ONU alerta sobre abusos a cidadãos de países envolvidos em disputa com Catar

Genebra, 14 jun (EFE).- O alto comissionado das Nações Unidas para os Direitos Humanos, Zeid Ra'ad Al Hussein, mostrou nesta quarta-feira estar "alarmado" pela possível violação às liberdades fundamentais dos cidadãos catarianos, após o boicote ao Catar empreendido por vários países árabes, bem como aos eventuais abusos aos cidadãos destas nações.

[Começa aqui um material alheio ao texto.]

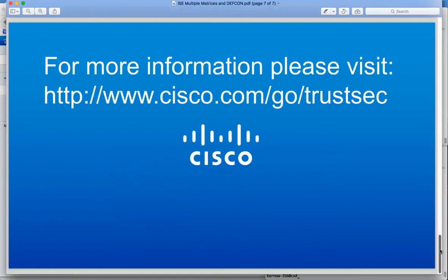So that concludes the demonstration. Thanks very much for watching. For more information please visit www.cisco.com/go/TrustSec.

"Está claro que as medidas adotadas são muito amplas e têm o potencial de afetar milhares de mulheres, crianças e homens, simplesmente porque pertencem a uma das nacionalidades relacionadas com a disputa", afirmou Zeid, citado em um comunicado.

Há duas semanas, Arábia Saudita, Emirados Árabes Unidos, Egito, Bahrein e Mauritânia decidiram cortar todos os laços políticos e econômicos com o Catar e impuseram um bloqueio por terra, mar e ar.

O argumento para justificar este movimento é o suposto apoio do Catar a movimentos jihadistas e a grupos terroristas, bem como os seus laços com o Irã.

O alto comissionado assume que a Arábia Saudita, Emirados e Bahrein tinham estabelecido uma medida para lidar com os casos das famílias com membros de várias nacionalidades, "mas parece que esta medida não foi suficientemente efetiva para resolver todos os casos".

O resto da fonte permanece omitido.